About this exercise.
In the entries below, find the line with "T3+1 (4 quartos)" and the line with "Michael Kors Fulton". Return those two lines and all lines between them, exactly.

═══ Entries supplied

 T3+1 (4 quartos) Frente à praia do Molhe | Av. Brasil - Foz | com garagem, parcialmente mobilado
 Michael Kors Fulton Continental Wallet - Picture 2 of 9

══════
═══ Entries supplied

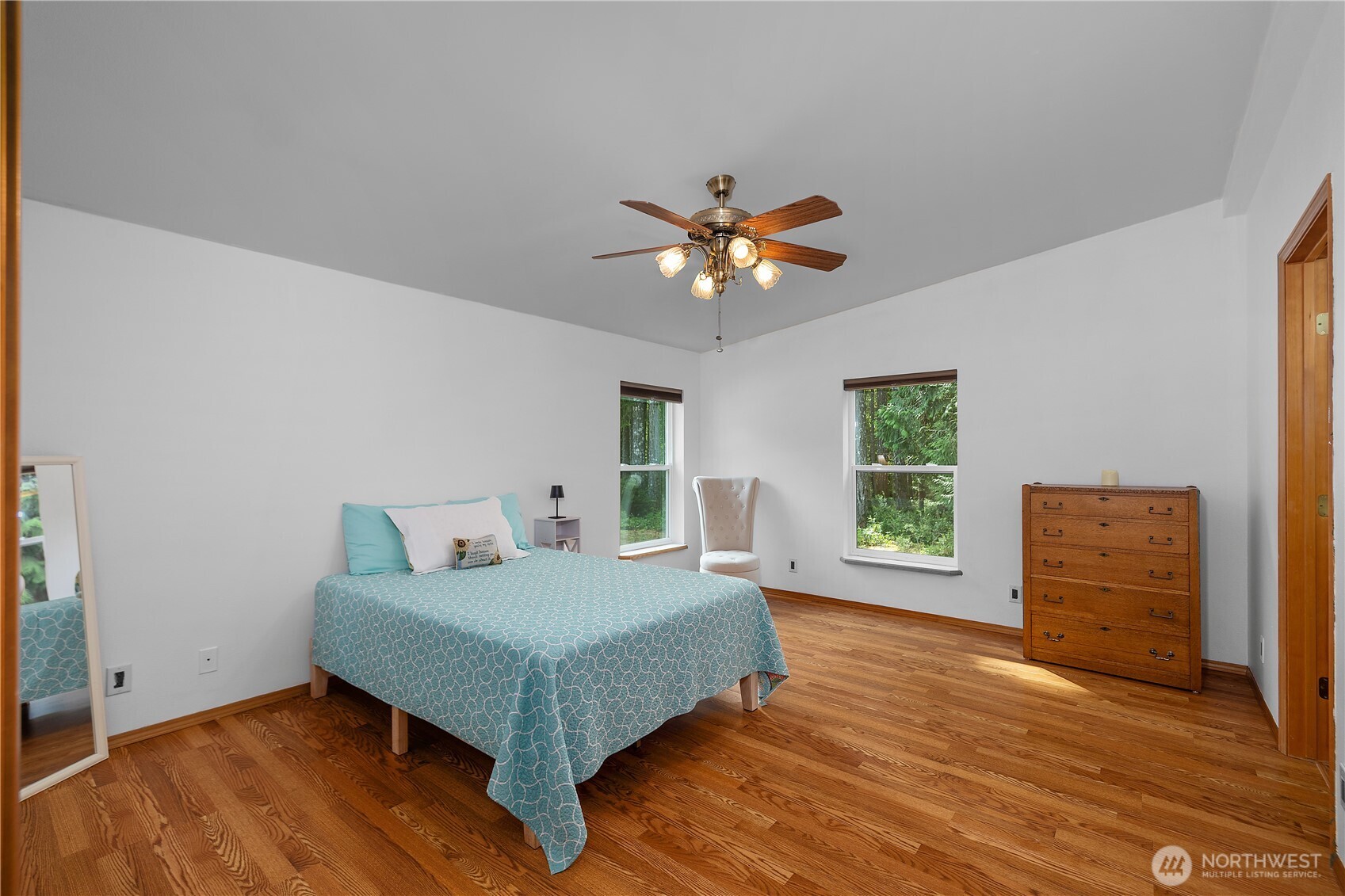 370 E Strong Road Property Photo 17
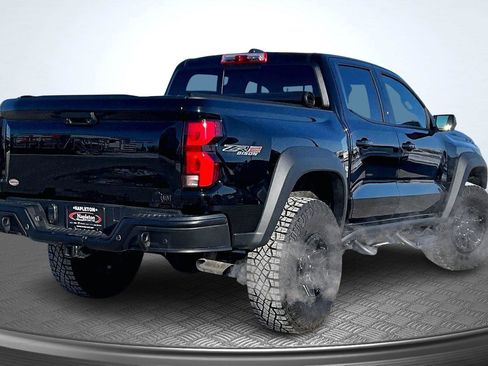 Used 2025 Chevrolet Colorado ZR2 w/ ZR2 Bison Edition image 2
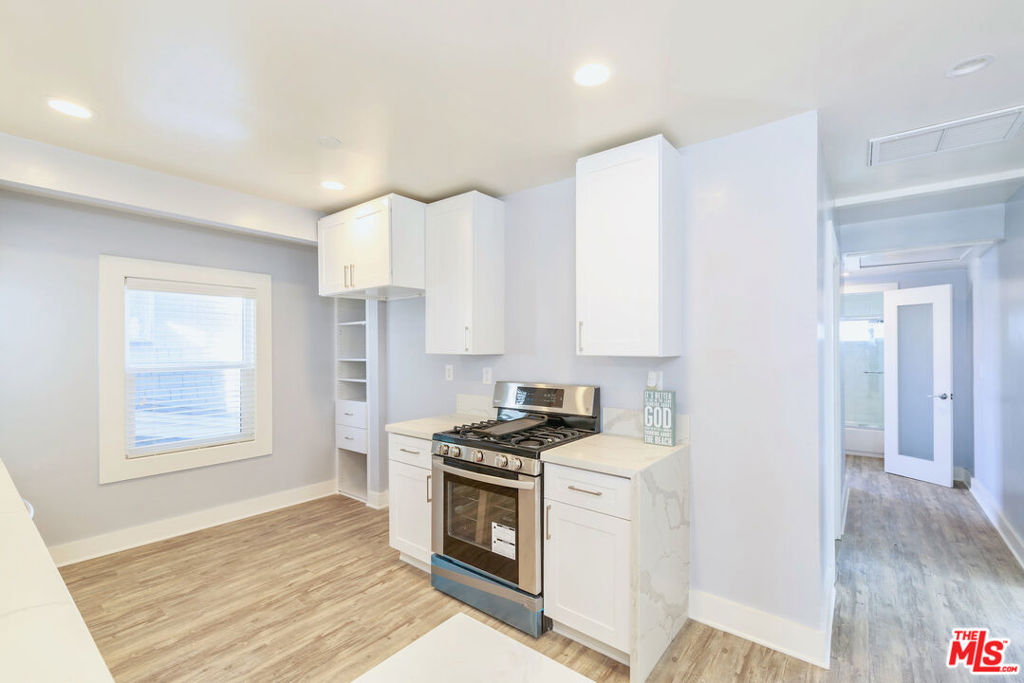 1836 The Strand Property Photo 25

══════
═══ Entries supplied

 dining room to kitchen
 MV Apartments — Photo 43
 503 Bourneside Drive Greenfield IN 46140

══════

Answer to this problem.
 T3+1 (4 quartos) Frente à praia do Molhe | Av. Brasil - Foz | com garagem, parcialmente mobilado
 Michael Kors Fulton Continental Wallet - Picture 2 of 9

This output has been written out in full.